After company co-founder and CEO Sravish Sridhar sold his previous startup Kinvey, which provided backend as a service to mobile app developers, he took a couple of years off while he decided what to do next. The sale to Progress Software in 2017 gave him that luxury.
He knew firsthand from his experience at Kinvey that companies like his had to adhere to a lot of compliance standards, and the idea for the next company began to form in his head. He wanted to create a new startup that could make it easier to figure out how to become compliant with a given standard, measure the current state of compliance and get recommendations on how to improve. He created Kintent to achieve that goal.
“So the big picture idea is can we build a system of record for trust and our first use case is information security and data privacy compliance, specifically if you’re a company that is building a SaaS business and you’re storing customer data or PHI, which is health information,” Sridhar explained.
The company’s product is called Trust Cloud. He says that they begin by looking at the lay of your technology land in terms of systems and the types of information you are storing, looking at how compliant each system is with whatever standard you are trying to adhere to.
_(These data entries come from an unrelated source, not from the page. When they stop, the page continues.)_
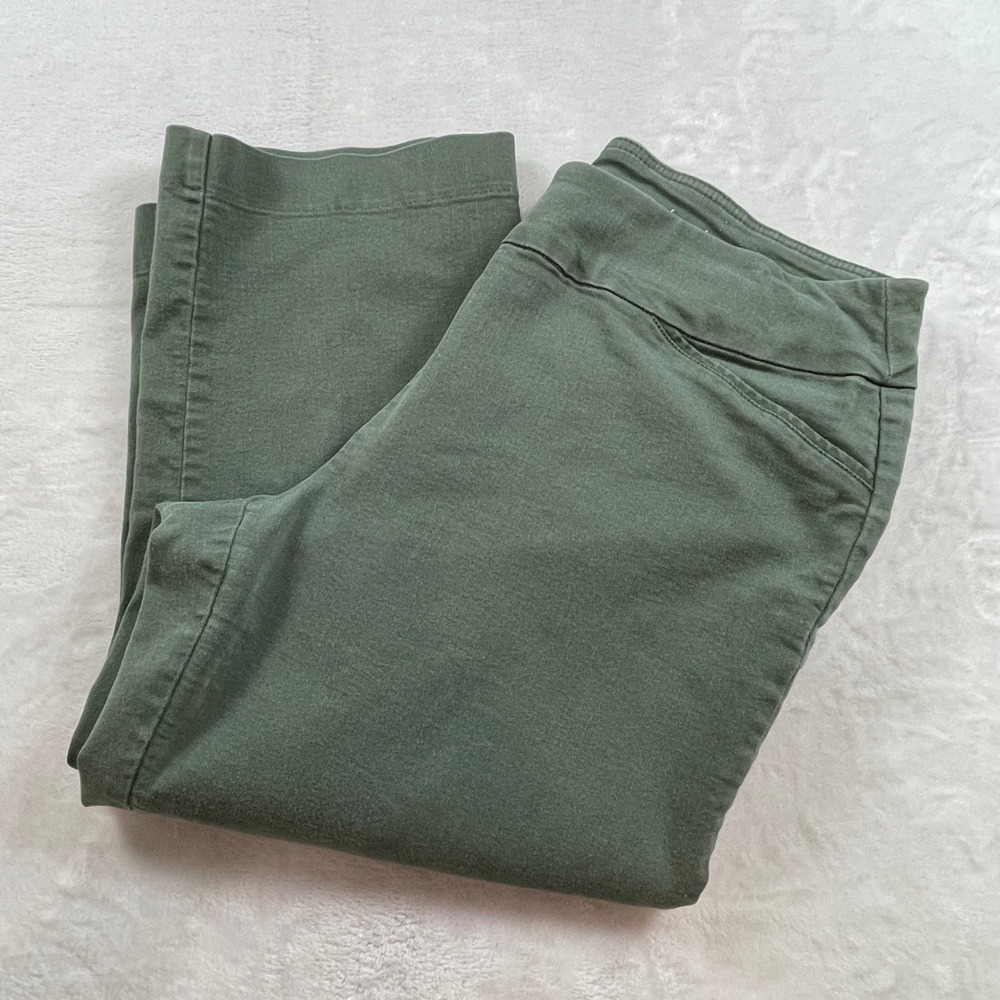 Croft & Barrow Women 14 Olive Green Stretch Pull On Capri Cropped Pants Straight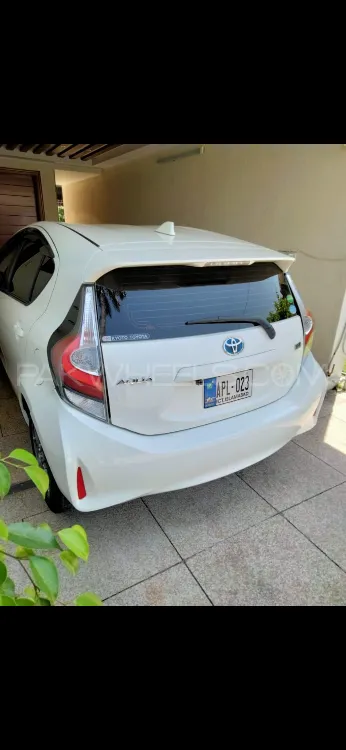 Toyota Aqua 2019 for Sale in Sialkot Image-1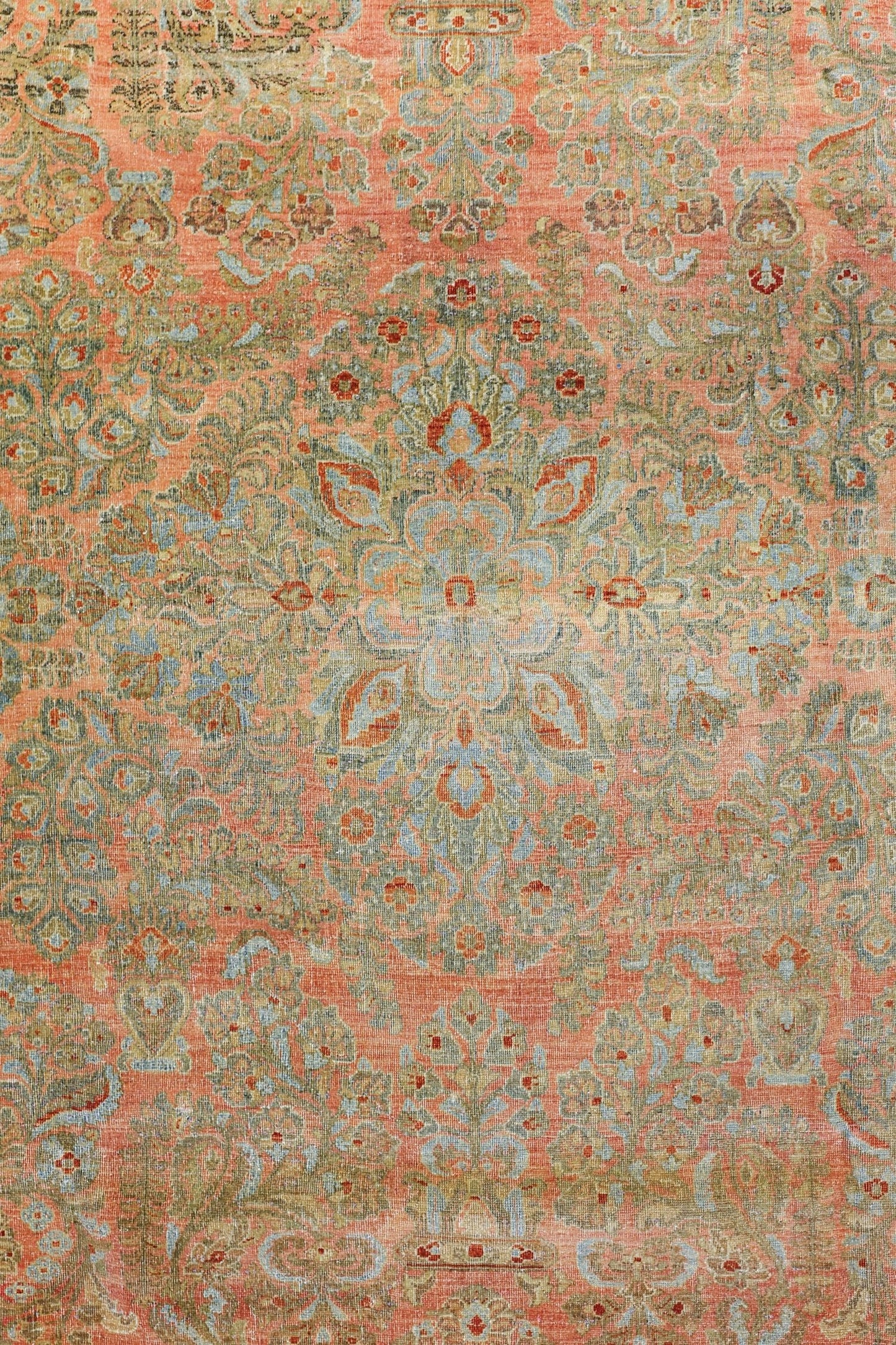 Antique Sarouk Handwoven Traditional Rug, J79455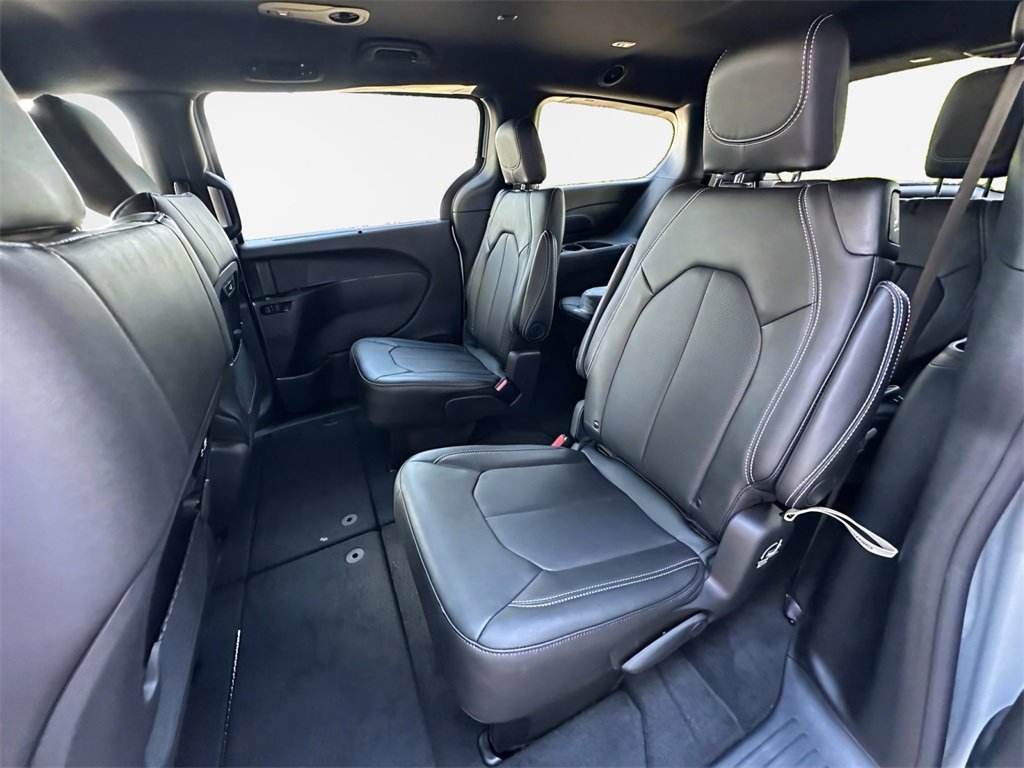 New 2026 Chrysler Pacifica Select image 22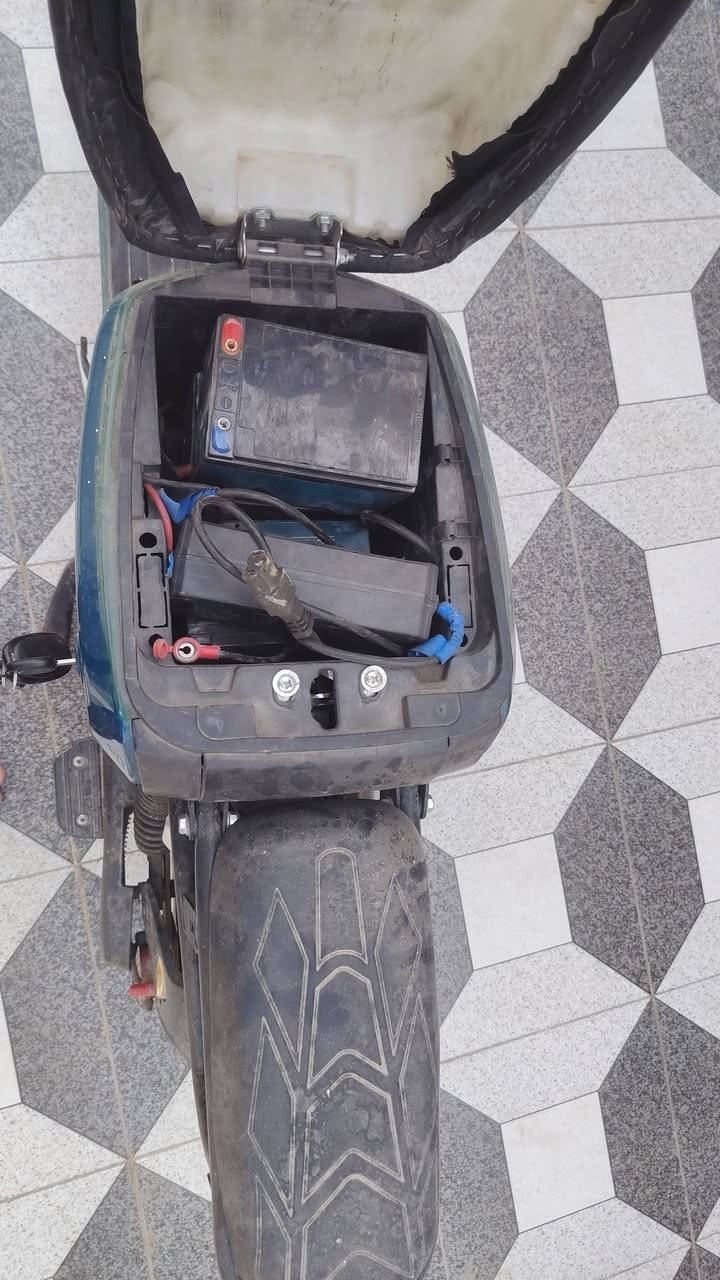 دراجه شحن R9 • نضيفه • تبديل بطاريات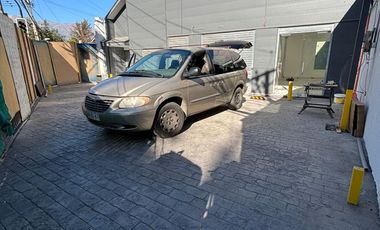 ARRIENDO AMPLIO LOCAL COMERCIAL ÑUÑOA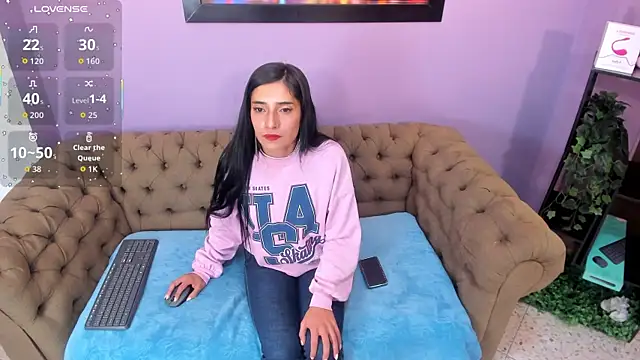 Snapshot of Vhaleria_Vega chatting on 10.04.25 Vhaleria Vega online show from 10.04.25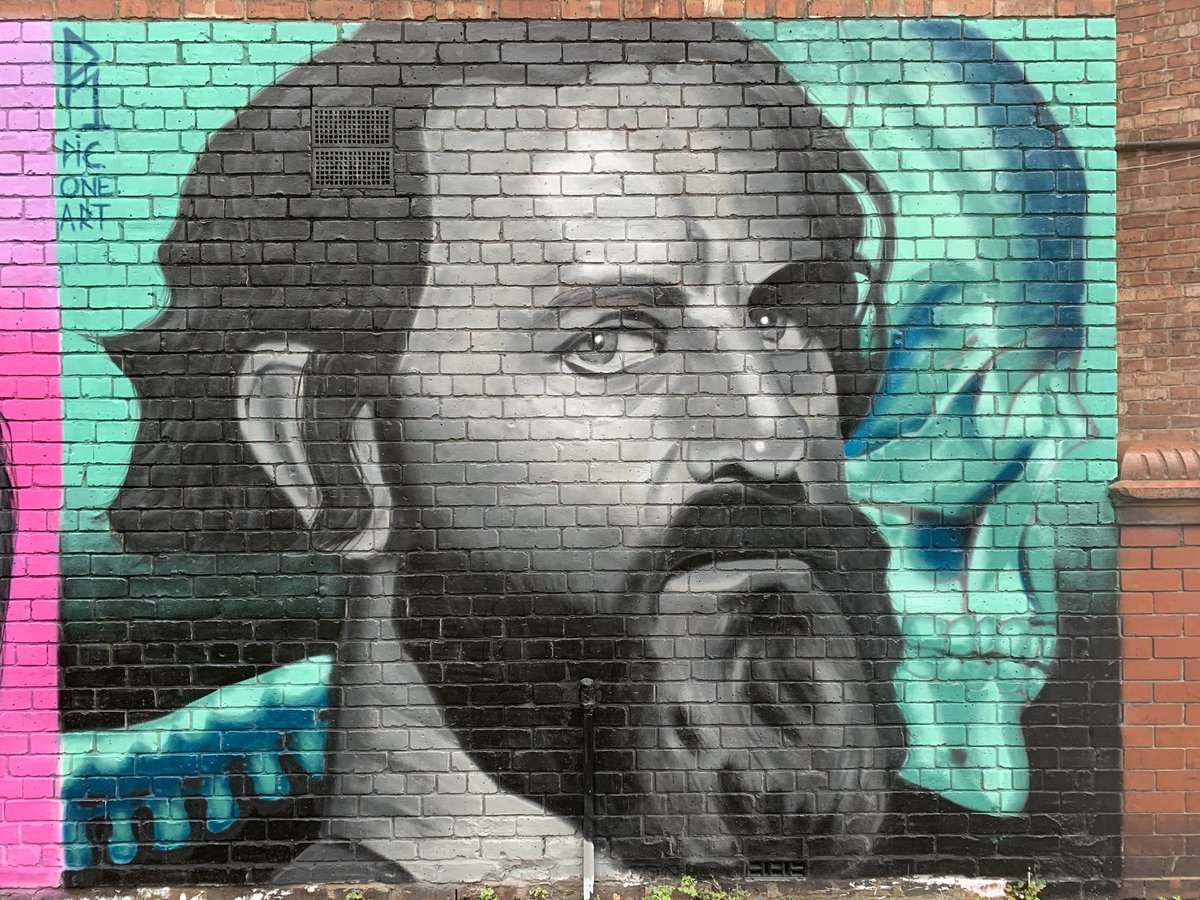 PicOneArt's tweet image. Celebrating the return of Tool to UK shores with a portrait of fellow Brit, Justin Chancellor. Their music is simply mind blowing! So here’s a small (11ft high) expression of my appreciation
#tool #justinchancellor #adamjones #dannycarey #maynardjameskeenan #toolarmy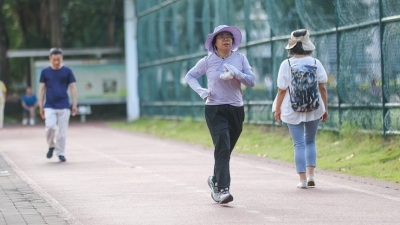 Scorching days ahead for Guangdong as scattered thunderstorms linger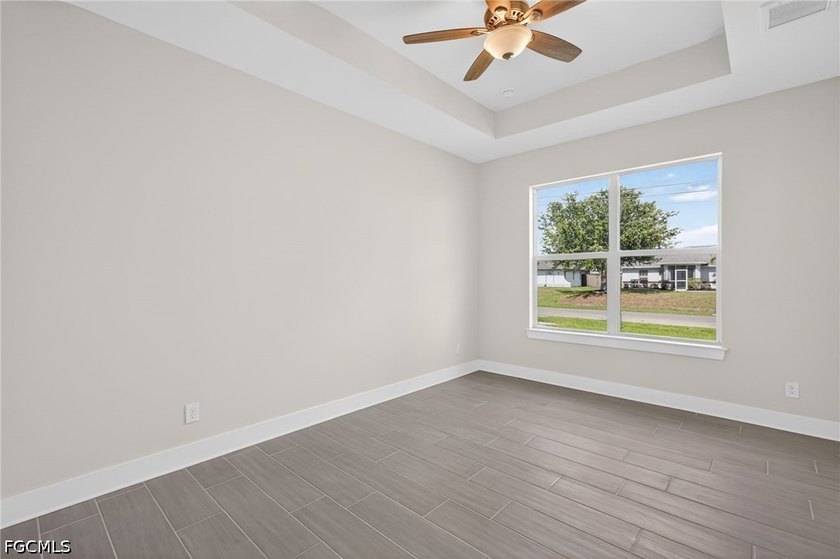 MOVE IN READY NEW CONSTRUCTION! 24-FOOT SLIDING GLASS DOOR WITH - photo 8
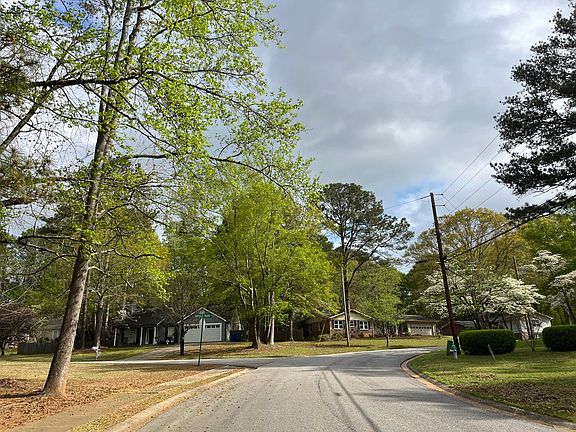 4th image of 124 Creek Cir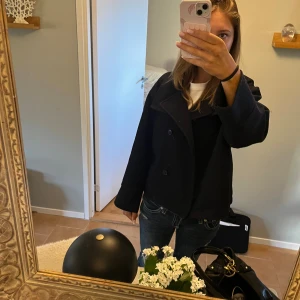 höstkappa gina mörkblå - superfin jacka som inte säljs längre, nypris ca 600kr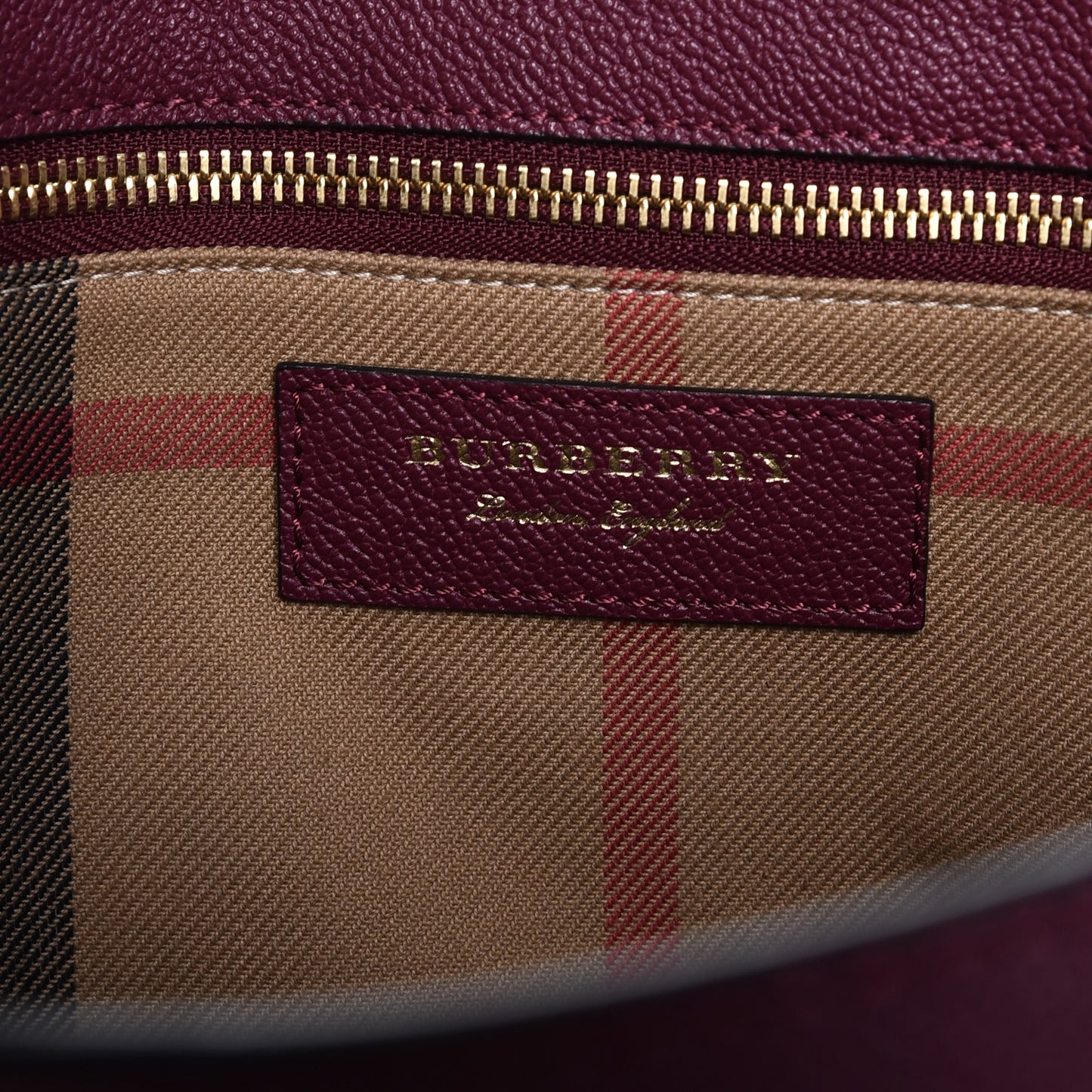 Soft Grain Medium Buckle Tote Dark Plum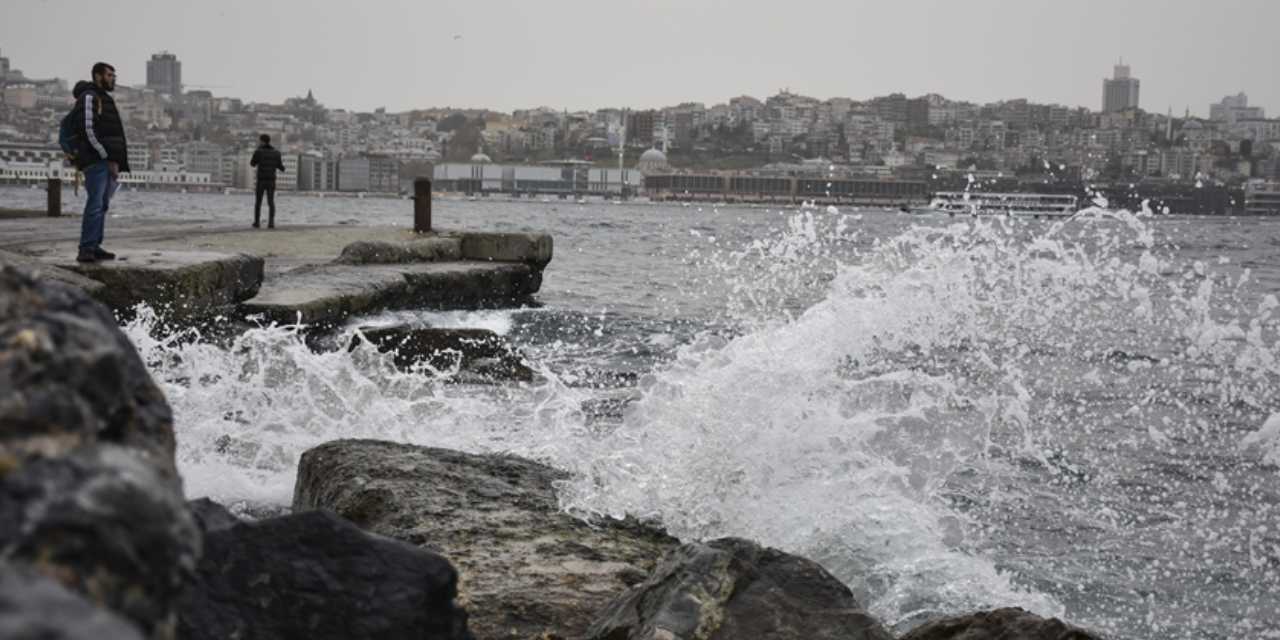 Fırtına İstanbul'u vurdu: Marmara'da deniz seferleri durdu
Then based on how you classify your data, the Trust Cloud generates a list of best practices to stay in compliance with your desired standard, and finally it provides the means to keep testing to validate what you’ve done and that you are remaining in compliance.
The company launched in 2019, spent the first part of 2020 developing the product and began selling it last October. Today, it has 35 paying customers. “We’re in the high six figures in revenue. We’ve been growing at about 20-30% month-over-month consistently since we launched in October, and the customers are across 11 verticals already,” he said.
With 14 employees and some money in the bank from this funding round, he is thinking ahead to adding people. He says that diversity has to be more than something you just talk about, and he has made it one of the core founding values of the company, and one he takes very seriously.
“I’m very conscious with every hire that we make that we’re really pushing to extend ourselves to [find] people from different walks of life, different statuses and so on,” he said.
The company is also working on a DEI component for the Trust Cloud, which it will be offering for free, which enables companies to provide a set of diversity metrics to measure against and then report on how well you are doing, and how you can improve your numbers.